Last one, which is the biggest point, is  DO NOT share your location in live time on social media or anywhere where strangers can see it. I personally share on social media a few days later. If today I'm posting about Zion National Park, I was there a few days ago. I've heard way too many stories of random people showing up at someone's camp because they knew the exact location and wanted to come say hi. Most of the time these people mean no harm and just want to socialize, but for me that's simply not okay or welcomed. So I don't even give people that opportunity. 

One more.  TRUST YOUR GUT. If you get ANY sort of uneasy feelings or weird vibes about a place or a person, LISTEN and LEAVE. It doesn't matter if you don't know exactly why or can't justify it, just follow it. Something is telling you something and I'm a firm believer in "better safe than sorry." So pack up camp and get out. Do not be a push-over if people are trying to make you stay. Being solo means YOU are your number 1 priority above all else. Look after yourself and trust what your intuition is telling you. 

 I grew up watching Disney princesses and cartoon movies where women are always saved by the man, right? As a society, we're finally steering out and away from that old generational mentality that women stay home and their role is to be submissive and be taken care of. These days women are doing more and more alone, and it's such a beautiful thing to see. I truly believe the media and movies have poisoned and conditioned us into believing that the world is scary and you will undoubtedly be raped and killed if you travel solo as a female. That's just not the case. Do bad things still happen now and then? Of course.  You still must keep your wits and awareness about you while traveling solo, but the world is actually filled with more kind and caring folks than those that want to genuinely harm you. This mental switch and societal trust is a big hurdle that I think all solo female travellers have to conquer in the beginning. Once you do though.. the gates open up even more." 

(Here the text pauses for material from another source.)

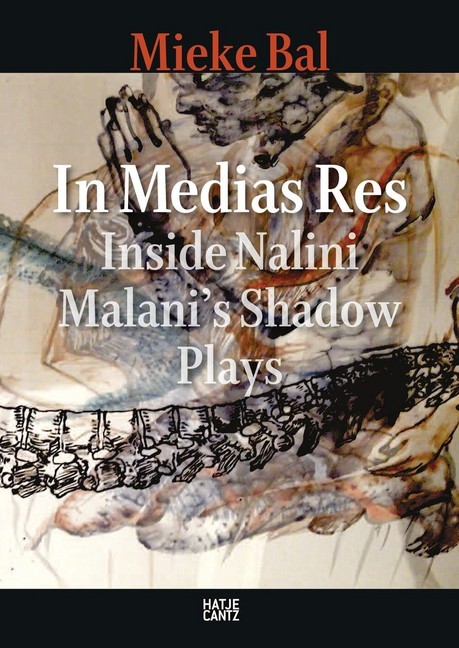 Cover: 9783775741460 | Nalini Malani | In Media Res: Inside Nalini Malani's Shadow Plays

Here's a video from Cristin that gets into her solo travel tips in more depth:


 

Quin 
HEST content manager who does a lot of road tripping out of her ‘84 Volvo wagon. 

"The worst part about camping alone for me is after dark. I have a very active imagination, and one little sound in the middle of the night can derail an entire night of sleep. Without someone else there to confirm that whatever I heard was indeed nothing, my fears can start to spiral quickly. I have figured out a couple things that help me to actually sleep through the night:

I sleep sooooo much better in the back of a locked vehicle.There are times I’ve slept in a tent and felt totally helpless, like a sitting duck. Nylon and zippers don’t feel like much protection when you hear an animal rooting around your campsite at night. 

My  Sleep System has also been a huge help. Having a camping mattress that is ACTUALLY comfortable means I sleep deeper and better so it has to be a REALLY big bump in the night to wake me. Before I was sleeping on a thin inflatable mattress, and with all the sliding around and feeling the hard ground through the pad I would never fully enter REM sleep, so any small noise I heard would rouse me. Now that I can actually get a quality sleep while camping, I wake up freaked out a lot less.

Earplugs for the same reason. If you can’t hear it, it can’t scare you! This is just for when I’m crashing in the back of my car though, in a tent I want to be able to hear what’s out there in case there is actual danger coming my way."